Actually, there are 2 phases in bootstrapping, since a minimal boot loader in the hardware hands over control to a larger boot loader found on the hard drive. The tiny boot loader is sometimes called the initial program loader or IPL, built into the firmware. This runs the same way whether you’re booting into Windows, OS X, Linux, or any other operating system. For example, to get the PC you’re working on booted, your IPL turned control over to the Windows boot loader. QEMU has a software-based emulated boot loader, which we can hand control over to any operating system’s larger hard drive-based boot loader. We will hand control over to a program called Lilo or Grub, the two most popular boot loaders in Linux.

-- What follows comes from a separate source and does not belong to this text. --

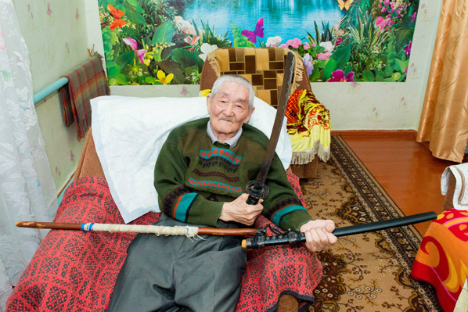 Yusitero Nakagawa, antiguo prisionero de guerra, decidió vivir en la URSS tras su cautiverio. Fuente: Tagir Rajávov / Rossiyskaya Gazeta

We could just as easily turn control over to a Windows or Mac boot loader. So, our QEMU virtual computer could actually be a little Windows or Mac running in a box on our PC based on what we do next. But per the name of the tool we’re using to do the next step, debootstrap, all we’re going to do is boot an extremely bare-bones Debian system, which still won’t really even boot yet. There will still be a few more steps. All debootstrap does is create the Linux directory structure on a destination drive, and copy a bunch of files over, but not a Linux kernel, users, or network configuration. We’re still going to install a kernel, setup users and network configuration files ourselves.
So go ahead and trigger off debootstrap telling it what architecture we’re installing on, what version of Debian Linux (or Ubuntu) that we want, and where to download it from. It’s going to retrieve and validate a ton of files.
And remember if you rebooted since the last step, the sda1 location needs to be mounted first:
mount /dev/sda1 /mnt/sda1
debootstrap –arch i386 squeeze /mnt/sda1 http://ftp.us.debian.org/debian
It’s going to take quite some time for this to finish, as it actually is pulling down all the files from the repository. When it’s done (about 10 minutes), it should look something like this:
Remember, your system still won’t be able to boot. It has the following issues:
There is no Linux kernel installed. That’s right! Even after all this file copying, the core most important piece of the operating system isn’t automatically installed. I think this is because debootstrap is so frequently used to install base Linux systems on detachable media booting from other CPUs and devices. While the –arch (architecture) parameter of debootstrap is enough to make a base Debian install, there are so many nuances in choosing the correct kernel (less hardware abstraction), that they make you make the deliberate choice.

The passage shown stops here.